Ces deux données - la croissance potentielle à moyen terme et l'estimation à court terme - sont complémentaires pour déterminer le chemin de croissance, qui est essentiel. Même dans le cadre de la loi de programmation des finances publiques, on ne peut s'abstraire du cadre annuel et conjoncturel.
Pour ce qui concerne l'indépendance, il me semble qu'il n'y a pas de contradiction entre l'expression individuelle et la volonté du Haut Conseil d'émettre un avis collégial débattu en amont. Je ne peux qu'imaginer que les débats sont assez exhaustifs pour conduire à un consensus auquel chacun des membres adhère. La solidarité n'est par conséquent pas un problème à mes yeux.
Quant à son fonctionnement, je ne puis qu'observer, de mon point de vue extérieur, que certains de ses homologues - le Haut Conseil a été constitué conformément à des accords européens - délivrent des prévisions économiques. Cette question mérite d'être discutée, mais, si vous voulez bien me pardonner cette réponse, je n'ai pas d'avis à exprimer.
L'utilité du Haut Conseil des finances publiques est capitale au regard des enjeux plus larges de politique économique. C'est une excellente instance de consultation pour le Gouvernement et le Parlement sur la croissance de moyen terme.
Nous avons beaucoup appris, lors d'un déplacement du bureau de la commission des finances, de nos échanges avec les homologues portugais et espagnol du Haut Conseil, dont le fonctionnement est différent.
Peut-être un rapprochement avec le Haut Conseil du financement de la protection sociale serait-il opportun, car la protection sociale est très dépendante des prévisions en matière de finances publiques. Les écarts de prévision d'évolution des salaires, en fonction des hypothèses retenues sur le taux de productivité, sont considérables et ont des conséquences sur les prévisions en matière de financement des retraites. Quel est votre avis sur ce point ?
L'évolution du système de santé est fortement dépendante des innovations technologiques ; or les industriels spécialisés dans les dispositifs médicaux rencontrent des difficultés de financement et ont le sentiment de ne pas être assez intégrés dans les perspectives de croissance comme dans la réflexion sur le financement du système de soins. Qu'en pensez-vous ?
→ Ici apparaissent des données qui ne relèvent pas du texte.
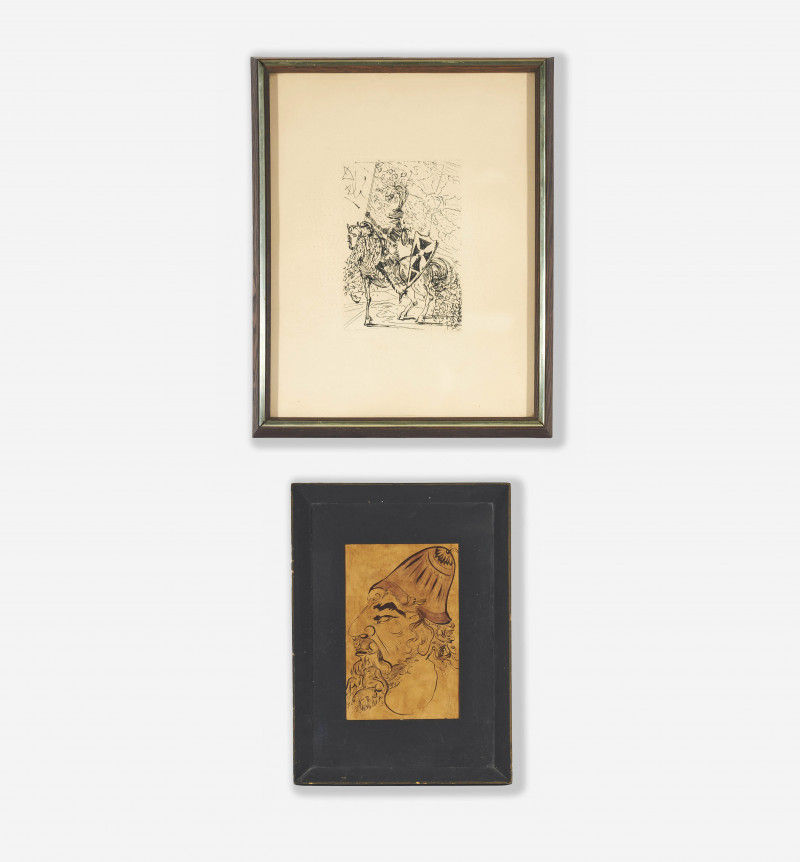 Various Artists - Group, (2) two works, Surrealist drawing and Dali etching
Il m'est impossible de vous donner une réponse définitive sur le rapprochement des deux conseils. Néanmoins, des éléments d'échange et de coordination seraient nécessaires pour apporter une vue globale sur ces dépenses et leur impact sur la protection sociale.
La question des retraites est un problème global. Le remplacement des générations induit une dépression sur les salaires, les nouveaux entrants sur le marché du travail étant moins bien rémunérés : c'est l'effet de noria. À cela s'ajoutent des contraintes plus importantes sur l'épargne en raison de l'allongement de la durée de la retraite. Une réflexion importante est menée sur cette question.
Sur les redéploiements technologiques dans le système de santé, une contradiction est fréquemment mise en avant : reconnu dans le monde entier, notre secteur des biotechnologies demande des investissements importants et flexibles, car le taux d'échec y est très élevé. La problématique, au point de vue du financement, consiste à accepter le risque associé à des rendements importants, avec au total un retour appréciable sur le système de santé, dans la perspective du maintien de la qualité et de l'équité des soins.
En tant que membre d'un groupe parlementaire qui applique la parité, je n'ai aucun problème avec le remplacement d'un homme par une femme ; en revanche, un universitaire est remplacé par une personne issue de la banque privée... Déjà, l'ancien président de notre commission, Philippe Marini, avait désigné dans cette instance Mathilde Lemoine, qui exerce ses fonctions chez HSBC. Vous aussi êtes passée par cette banque. Quant à Marguerite Bérard-Andrieu, elle travaille au sein du groupe BPCE. N'y a-t-il pas une sur-représentation de la banque privée au sein du Haut Conseil des finances publiques ? Votre expérience dans la finance privée est-elle une garantie d'efficacité et de neutralité ?
Je salue l'arrivée de Valérie Plagnol tout en saluant aussi Michel Aglietta, avec lequel nous avions beaucoup travaillé. Je suis convaincu que vous possédez les compétences macroéconomiques nécessaires pour faire honneur à cette noble fonction.
À la lumière de votre expérience japonaise, dans quel état d'esprit aborderez-vous la question de notre dette ? La dette publique au Japon s'élève à plus de 250 % du PIB ; en France, certains s'inquiètent de son niveau actuel, qui est d'environ 96 %. Quels enseignements tirez-vous du cas japonais et quelles préconisations formulez-vous ?
La banque centrale japonaise pratique depuis longtemps déjà le Quantitative Easing. Quels sont, selon vous, les résultats à attendre d'une telle politique en Europe ?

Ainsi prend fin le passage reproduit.